* _Given data_:

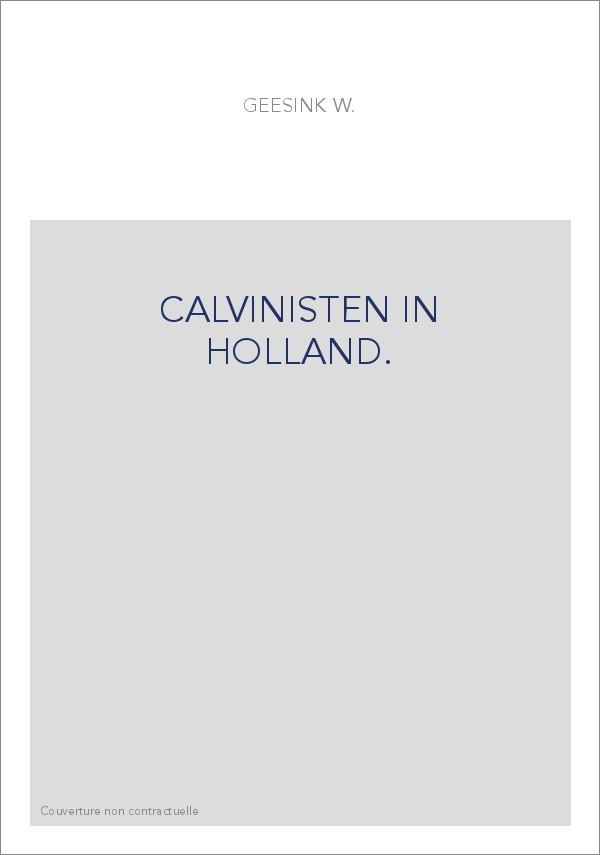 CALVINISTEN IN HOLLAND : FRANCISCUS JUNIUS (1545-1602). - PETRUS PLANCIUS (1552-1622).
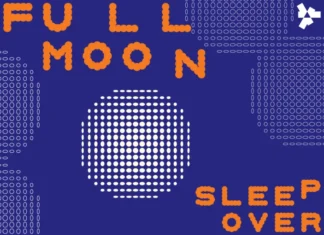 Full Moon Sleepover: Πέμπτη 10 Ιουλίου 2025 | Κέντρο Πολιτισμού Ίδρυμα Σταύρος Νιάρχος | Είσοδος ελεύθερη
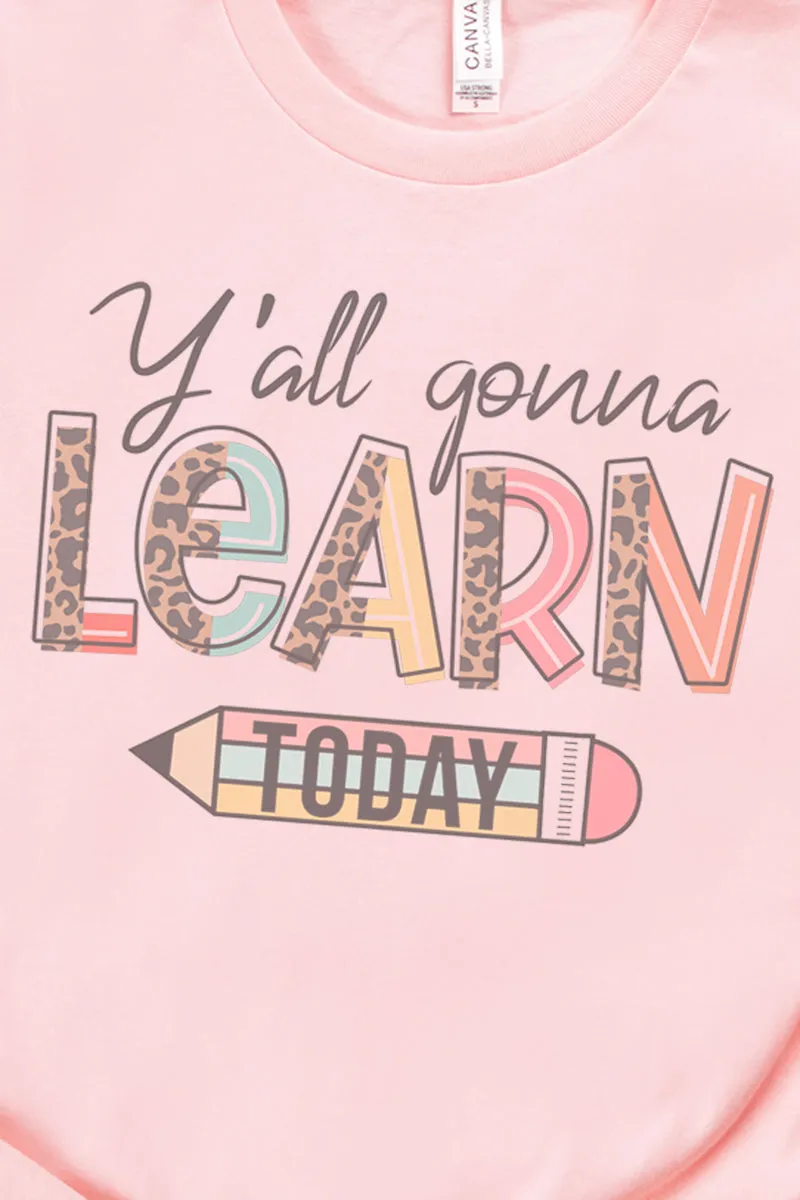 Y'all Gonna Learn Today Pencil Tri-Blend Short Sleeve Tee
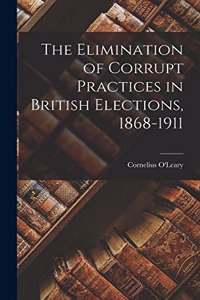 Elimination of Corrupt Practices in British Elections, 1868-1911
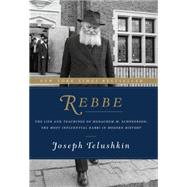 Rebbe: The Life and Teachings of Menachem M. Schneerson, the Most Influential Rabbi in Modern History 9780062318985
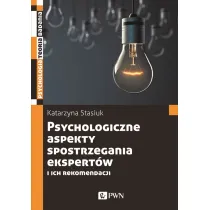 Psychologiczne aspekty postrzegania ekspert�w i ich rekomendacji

* _Assignment_: Could you give all of the data again exactly as written, omitting any pictures?

* _Exercise solution_:
 CALVINISTEN IN HOLLAND : FRANCISCUS JUNIUS (1545-1602). - PETRUS PLANCIUS (1552-1622).
 Full Moon Sleepover: Πέμπτη 10 Ιουλίου 2025 | Κέντρο Πολιτισμού Ίδρυμα Σταύρος Νιάρχος | Είσοδος ελεύθερη
 Y'all Gonna Learn Today Pencil Tri-Blend Short Sleeve Tee
 Elimination of Corrupt Practices in British Elections, 1868-1911
 Rebbe: The Life and Teachings of Menachem M. Schneerson, the Most Influential Rabbi in Modern History 9780062318985
 Psychologiczne aspekty postrzegania ekspert�w i ich rekomendacji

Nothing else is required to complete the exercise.